Further, evidence clearly indicates that self-compassion is not just a soft, feel good choice. Rather “self-compassion involves valuing yourself in a deep way, making choices that lead to well-being in the long term” (Neff, 2011). By offering themselves self-compassion, people are more able to cope with tough situations like illness, divorce, loss of job, and to engage in healthier life-style behaviors such as nutritional eating and exercise (Neff & Germer, 2019).
If we want to flourish in our personal and professional lives, conquering the inner critic can help us reach our full potential. Here are a few approaches to help you create a kinder, more productive relationship with yourself.
1. Notice what you’re thinking about. Acknowledge the thought and then remind yourself the inner critic voice is just a thought – that just because you’re thinking about something, it is not necessarily true. Remind yourself that thoughts and attitudes can be inaccurate, exaggerated, and biased by our personal experiences.
2. Respond to the inner critic by replacing negative critical thoughts with more accurate information. For example, a thought such as “I make too many mistakes, I’ll never reach my goal” can be balanced with a statement such as “I learn and grow from my mistakes and each one is another step toward reaching my goal.” Try writing down repetitive inner critic thoughts and the alternative statement you want to tell yourself.
3. Release the Inner Critic. This strategy to manage the inner critic may seem silly, but many find it useful. When you notice that critical inner voice, release it. For example, if you’re working on a project or writing assignment and thinking a self-critical thought, you might toss it in the garbage can or throw it in a jar and tightly close the lid. This strategy can offer a respite so you can move forward toward completing the task.
- Gently ask yourself the question “What do I need now?”
- Grant yourself a moment of warm-hearted self-compassion, acknowledging that you are where you are, even if you don’t know the answer or how to respond to your needs or the situation right now.
5. Remember you’re part of a larger whole. Check in with a supportive friend, colleague, or family member when your inner critic is shouting and you need a boost. Discuss the situation, request a reality check and some cheerleading.

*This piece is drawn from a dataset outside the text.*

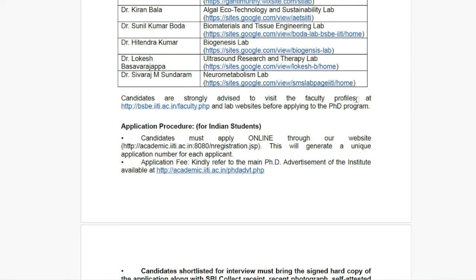Candidates are strongly advised to visit the faculty profile at the provided link and the lab website before applying to the PhD program, so that you can identify which lab and which field aligns with your interest, and apply to IIT Indore in that area.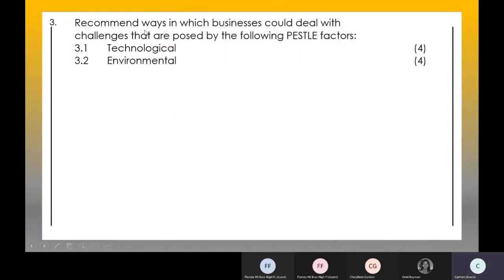Question three asks you to recommend ways — meaning recommendations, not challenges. Looking at your core notes page 33, the third column under the PESTLE elements refers to recommendations. Learners tend to confuse challenges with recommendations: if your question starts with 'recommend ways,' you know they want recommendations from the third column, not the challenges from the middle column.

Have a “shortlist” of people you trust and can count on to offer encouragement and compassion when you need it.
6 . Each day be kind to yourself with self-care. Can you offer yourself a few minutes to take care of your mind, body, spirit? For example, take a walk, hit some golf balls, enjoy the sunset, go for a swim, do some yoga, or engage in mindfulness or meditation.
- Neff, K. (2011). Self-compassion: Stop beating yourself up and leave insecurity behind. New York, NY: William Morrow.
- Neff, K. & Germer, C. (2019). The transformative effects of mindful self-compassion.
- Salzburg, S. (2010). The force of kindness. Change your life with love & compassion. Boulder, CO: Sounds True.